A few individuals have recently formed an organisation called 'Sangharsh Sheel Mazdoor Samiti' with a view to conducting political agitation amongst the mass of the working class and with this aim they are engaged in regular activity, mainly by circulating leaflets and organising meetings of workers. For the first time political issues are being agitated among the mass of workers in the region.
Yet the masses of working class broadly remain apolitical, and mostly engaged in their economic struggles. In the absence of political consciousness the working masses do not demonstrate determination and commitment even while fighting out their economic issues. The lack of political consciousness among the working class has resulted in stagnation in the movement, which for decades together is existing in an embryonic form in the form of the trade union movement. To put the things in the way they are we are constrained to say that the working class movement in this region has been synonymous with the trade union movement and has never gone beyond this narrow and sectarian framework.

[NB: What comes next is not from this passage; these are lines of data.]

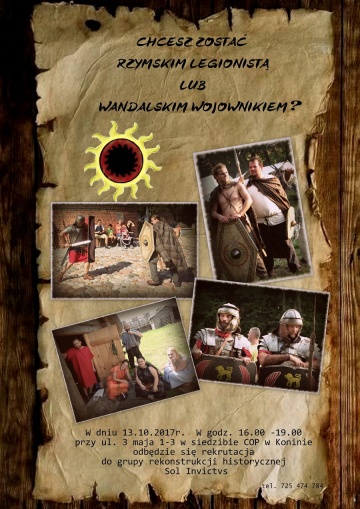 Rekrutacja do grupy rekonstrukcji historycznej '' Sol Invictus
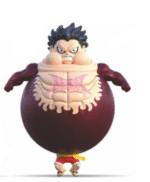 Figurine One Piece - Luffy "Tankman" Elastikorps (23cm)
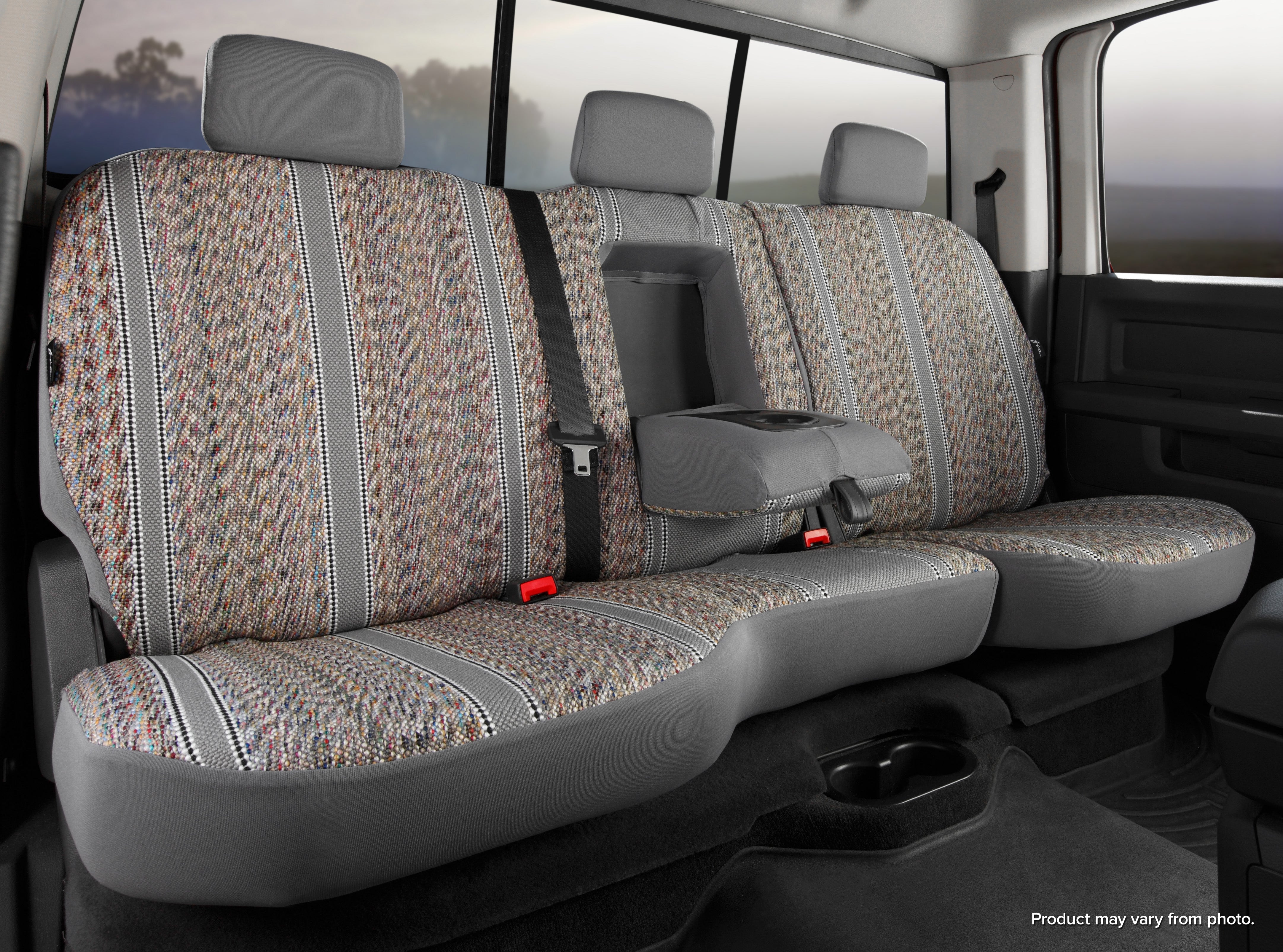FIA TR42-55 GRAY Wrangler™ Custom Seat Cover; Saddle Blanket; Gray; Split Seat 40/60; - Truck Part Superstore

Responsibility for this narrow and backward trend which is dominant amongst the working class in this region positively lies with the sectarian outlook of various political groups, who take special interest in excluding each other from economic struggles but seldom make an attempt to mobilize the working masses politically. Even when they talk of politics the ideas and expression never go beyond the 'trade union politics.' In practice, more or less all the groups consider politics to be a subject of intellectual studies. They invite the working class merely to respond to the issues of direct and immediate economic gains. The political issues are never carried into the midst of the working class. That is why in practice all the working class organisation irrespective of their colour and political affiliations do not demonstrate much difference in their practical functioning.

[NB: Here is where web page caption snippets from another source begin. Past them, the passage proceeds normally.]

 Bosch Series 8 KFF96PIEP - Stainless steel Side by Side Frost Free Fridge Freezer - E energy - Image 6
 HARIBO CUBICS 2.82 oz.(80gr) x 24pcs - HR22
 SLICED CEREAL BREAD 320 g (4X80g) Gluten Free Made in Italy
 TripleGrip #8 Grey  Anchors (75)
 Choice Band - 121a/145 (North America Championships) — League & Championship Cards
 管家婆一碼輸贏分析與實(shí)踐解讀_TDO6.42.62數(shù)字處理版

The other face of the picture is that while political parties like the CPI and CPM have lost interest in developing a revolutionary working class movement, the M-L groups have failed to conceive of the strategic importance of the Delhi region and the industrial working class itself. Consequently the importance of conducting political agitation amongst the working class in the Delhi region is recognised only in theory inside the left camp, but in practice politics amongst the masses does not exist on the agenda of any of the major political groups.
The Delhi region has good potential for the development of a genuine working class movement. Trade union struggles may be used as a forum to import political awareness into the working masses who hitherto do not understand the need to fight the class enemy politically. But to confine the movement to this narrow framework of economism would prove detrimental to the interest of the working class movement.